Clegg accetterà dunque la proposta avanzata pubblicamente da Brown? Nascerà l'alleanza progressista che, pur ventilata da molti, non si è concretizzata negli anni di Blair? I punti di contatto politici esistono e una discussione costruttiva è sicuramente possibile in tema di fisco, istruzione, regolamentazione bancaria e, come sottolineato, riforma elettorale. Sussistono invece delle perplessità da parte liberaldemocratica sulla persona dell'attuale primo ministro, suscettibili di bloccare il processo di avvicinamento. Le drastiche dichiarazioni recentemente rilasciate da Clegg sul conto di Brown al Daily Telegraph ("è un politico disperato...non credo alle sue parole") non devono essere liquidate come mero tatticismo. Esse sembrano piuttosto nascondere una forte pregiudiziale, confermata anche da altri esponenti liberaldemocratici, che temono che l'attuale inquilino di Downing Street non dia corso, una volta confermato, alle misure che più stanno loro a cuore. Motivo per cui in ambienti Lib-Dem si auspicherebbe un cambio della guardia alla testa del Labour, un'eventualità peraltro improbabile nel breve termine. In effetti, è difficile immaginare un repentino colpo di mano che estrometta un politico tenace e determinato come Brown dalla testa del partito che ha guidato anche nei mesi bui dell'impopolarità e della crisi economica.

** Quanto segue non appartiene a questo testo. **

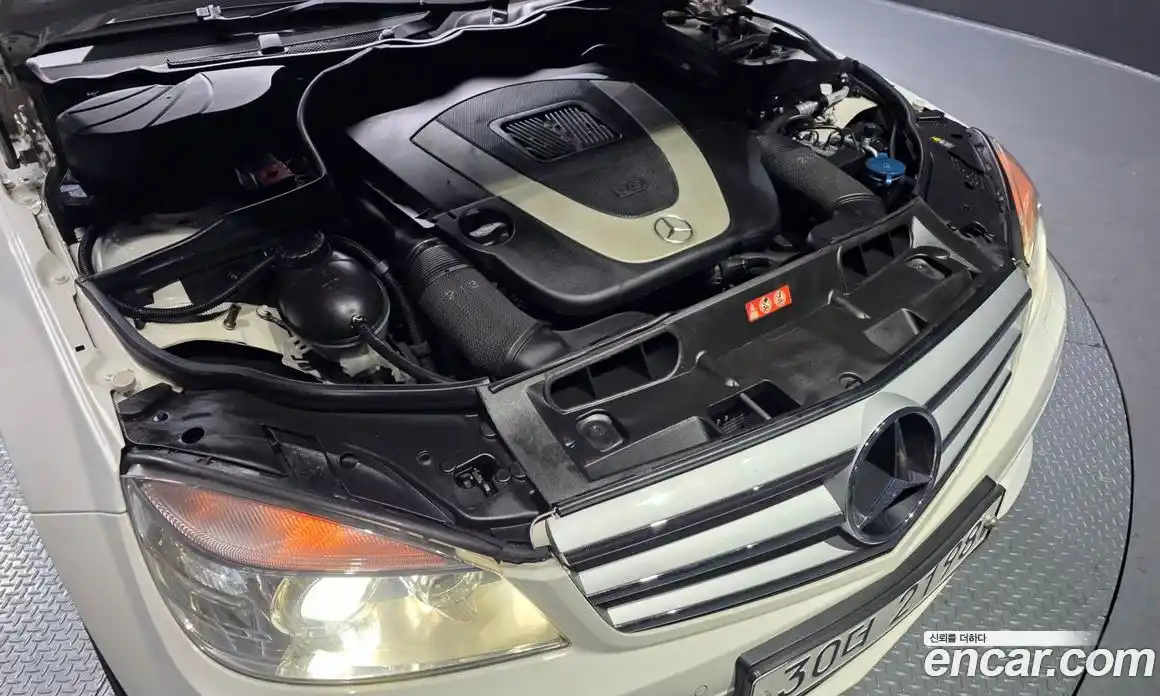 Mercedes-Benz C-Class 2010 2.5 Автомат в Москве № 215956, фото 19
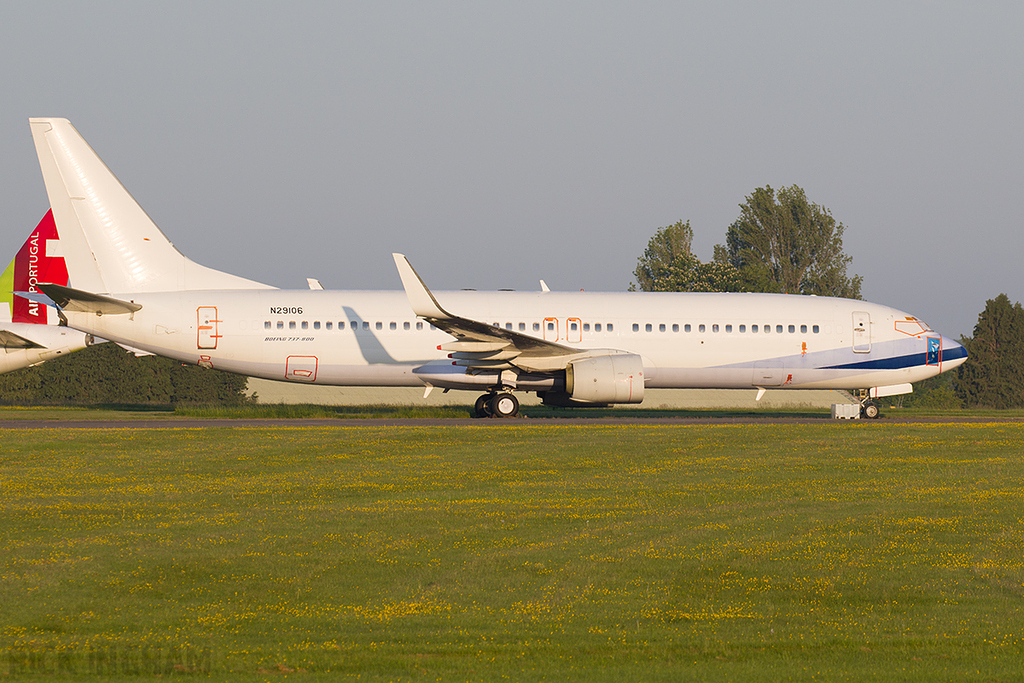Boeing 737-809WL - N29106 (Ex B-18617) - Capital Group LLC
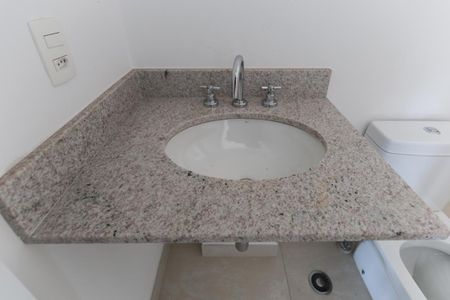 Apartamento à venda com 65m², 2 quartos e 2 vagasBanheiro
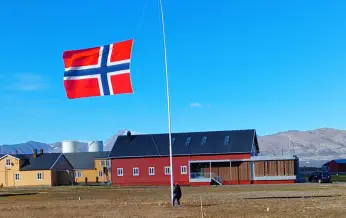 Ny Alesund ist heute zu Ehren des 150. Geburtstages von Roald Amundsen beflaggt.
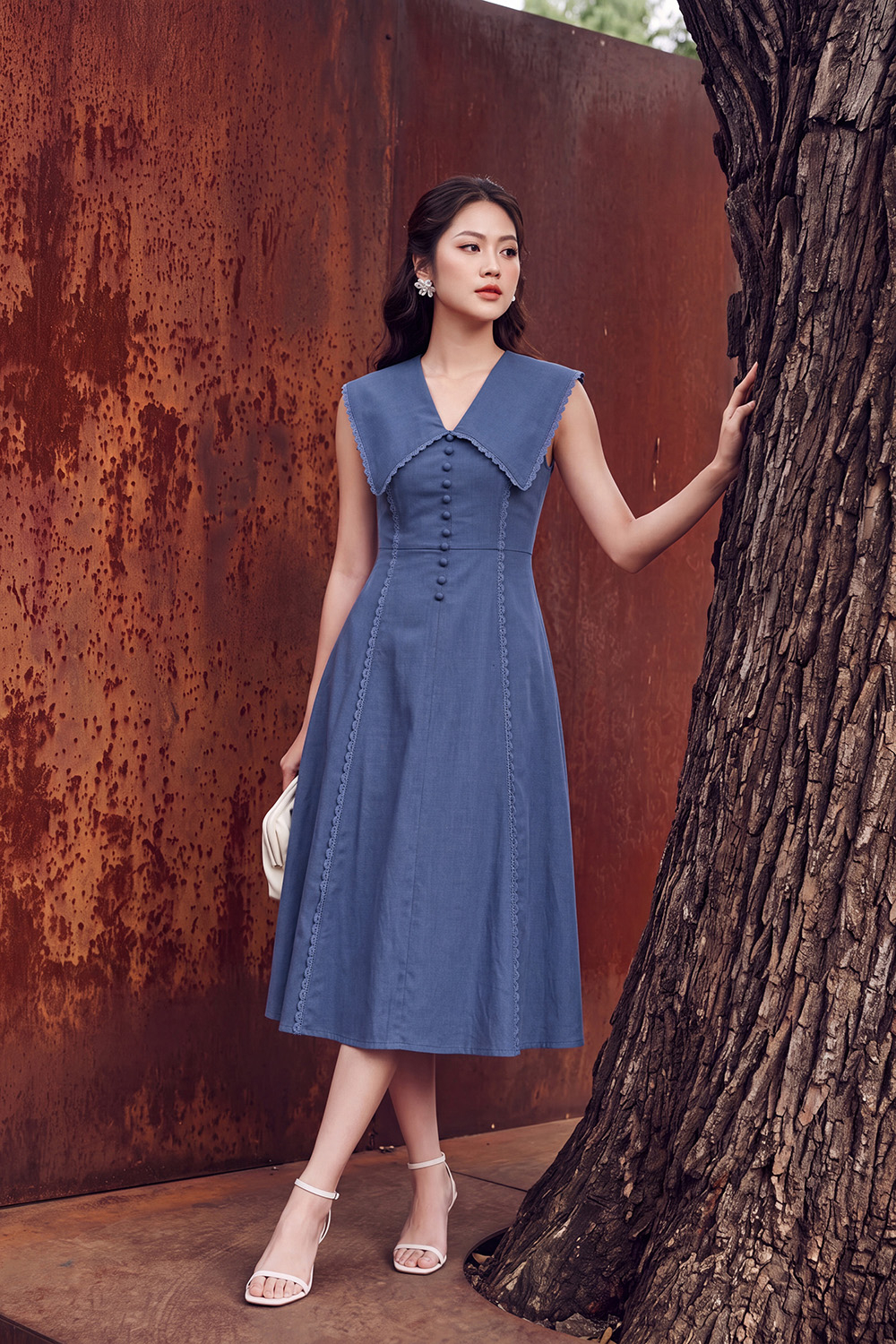 Đầm linen dáng xòe cổ thủy thủ bản lớn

Tutti elementi che i Clegg e i suoi dovranno valutare rapidamente, insieme al dato di fatto della distanza politica che li separa da Cameron. Il Terzo Partito non ha solo da guadagnare nelle prossime elezioni. Se persistesse nell'isolamento, Clegg rischierebbe di trovarsi con un pugno di mosche in mano il 6 maggio. E questo a prescindere dalla bontà della performance elettorale del suo partito, che (è bene ricordarlo), sebbene raggiunga il 30% circa dei consensi a livello proporzionale, è attualmente accreditato di una sessantina di seggi parlamentari certi a fronte degli oltre 300 dei Tory e dei 250 del Labour. Dati che confermano come, oltre a rappresentare una grande occasione di rilancio per la sinistra britannica, l'orizzonte Lib-Lab costituisca l'unica prospettiva politica praticabile per i liberaldemocratici, che si metterebbero in condizione sia di assumere responsabilità di governo sia di ottenere l'agognata riforma proporzionale che scardinerebbe definitivamente il bipartitismo d'oltre Manica.